En observant "Tetsuo", on se retrouve face à un travail sans précédent dans l'histoire du cinéma, un film qui est avant tout "Autre", "Nouveauté", "Point de Rupture" dans sa volonté de choquer et d'être extrême simplement pour le plaisir de l'être.
Dans ce délire de technologie, de chair, de sang, de violence et de sexe (présent en doses massives, qui sera ensuite laissé de côté dans "Tetsuo 2-Body Hammer"), Tsukamoto parvient néanmoins à véhiculer un message, aussi parce que nous sommes en présence de l'exemple classique de la "forme" qui coïncide avec le "contenu" : Tsukamoto nous dit que nous faisons trop confiance à la technologie et aux mass-médias, que l'œuvre d'infection du métal avec notre chair a déjà commencé depuis longtemps et que nous ne nous en sommes même pas rendu compte. Nous ne sommes même plus capables de distinguer la réalité de la fiction télévisée. Ce qui sort du tube cathodique a la même valeur que le réel, ou peut-être que le réel n'est capable d'acquérir ce statut que lorsqu'il est confirmé par la télévision. Peut-être les deux.

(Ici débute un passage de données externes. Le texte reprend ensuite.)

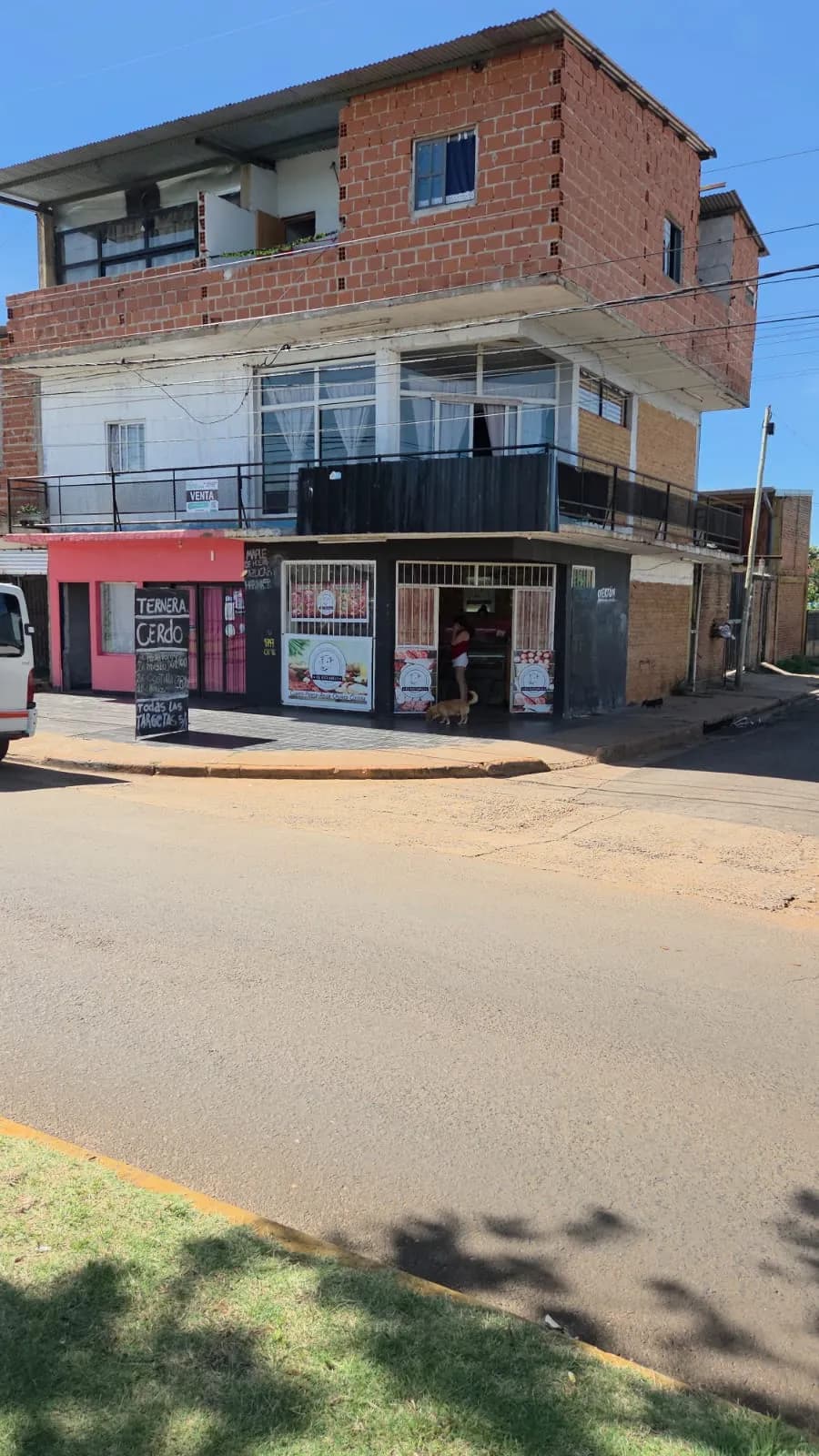 DEPARTAMENTOS Y LOCAL COMERCIAL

Ce message, qui nous montre que Tsukamoto en 1989 voyait loin, est plus actuel que jamais et trouve comme toile de fond une ville montrée de manière frénétique, morcelée, presque comme des éclats fous d'une métropole trop grande et effrayante pour être capturée dans son ensemble, car elle aussi reflet du progrès démesuré de l'être humain.

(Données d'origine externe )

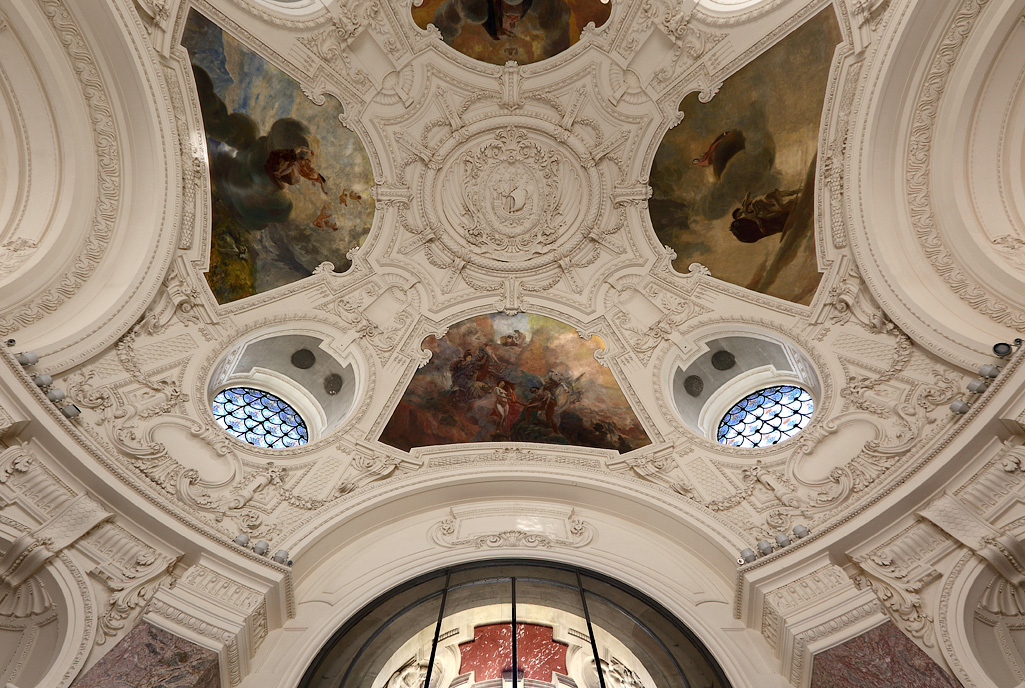 Parijs, Le Petit Palais. Werd gebouwd voor de wereldtentoonstelling van 1900.Nu is het een museum met kunstvoorwerpen van de Griekse oudheid tot de 20ste eeuw.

La mise en scène suit la folie du message/contenu : la réalisation est psychotique et erratique, le montage hypercinétique, les mouvements de la caméra nerveux et souvent l'esthétique de clip (très différente de celle des divers "Saw" qui sévissent aujourd'hui) rend le tout encore plus frénétique et difficile à suivre aussi parce que, souvent et volontiers, on procède par un accumulation d'images presque comme s'il s'agissait d'un véritable lavage de cerveau.
Une œuvre difficile à suivre et à assimiler, mais d'un charme plus unique que rare au sein de la cinématographie Extrême (avec un E majuscule), qui capture au niveau subliminal et qui s'implante dans le cerveau du spectateur, sans plus le quitter ; un travail puissant et visionnaire (souvent ce mot est utilisé à tort et à travers, mais ici il apparaît plus que jamais justifié) qui laisse bouche bée pour
richesse de contenus malgré l'hermétisme des choix du réalisateur.

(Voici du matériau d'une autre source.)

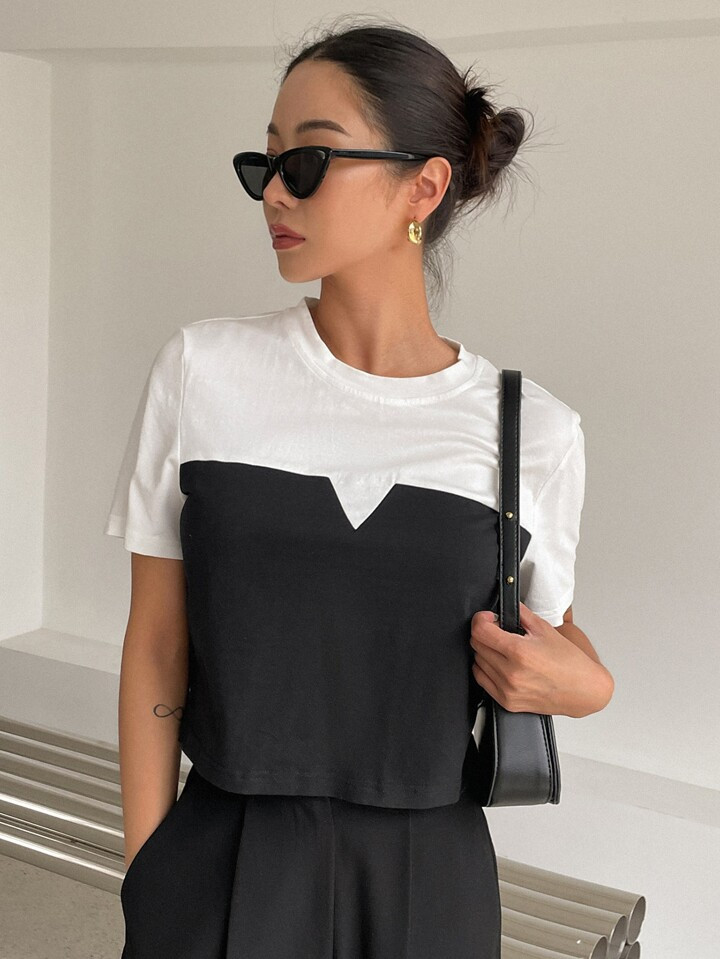 DAZY Colorblock Round Neck Tee | SHEIN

"Tetsuo" est un film extrême dans chacune de ses facettes et qui, justement pour cela, n'admet aucun compromis et demi-mesure : soit on l'aime soit on le déteste. Et si on l'aime, il ne s'agit pas d'une pellicule à insérer dans le lecteur DVD pour passer un peu plus d'une heure agréable devant l'écran ; "Tetsuo" est un film qui nécessite la bonne disposition mentale du spectateur chaque fois qu'on décide de le voir, car il ne s'agit pas d'une vision agréable, au moins pas dans la manière dont nous sommes portés à l'entendre dans la vie de tous les jours. "Tetsuo" est une expérience épuisante, étourdissante, dont, si on survit, on ressort changé, infecté, muté.
Souvent, dans des cas comme ceux-ci, on dit "Pour beaucoup, mais pas pour tous".
Avec le film de Tsukamoto, ce dicton ne vaut même pas : "Tetsuo n'est pas pour beaucoup, encore moins pour tous... il est vraiment pour très peu".
Il mériterait une demi-courge en plus.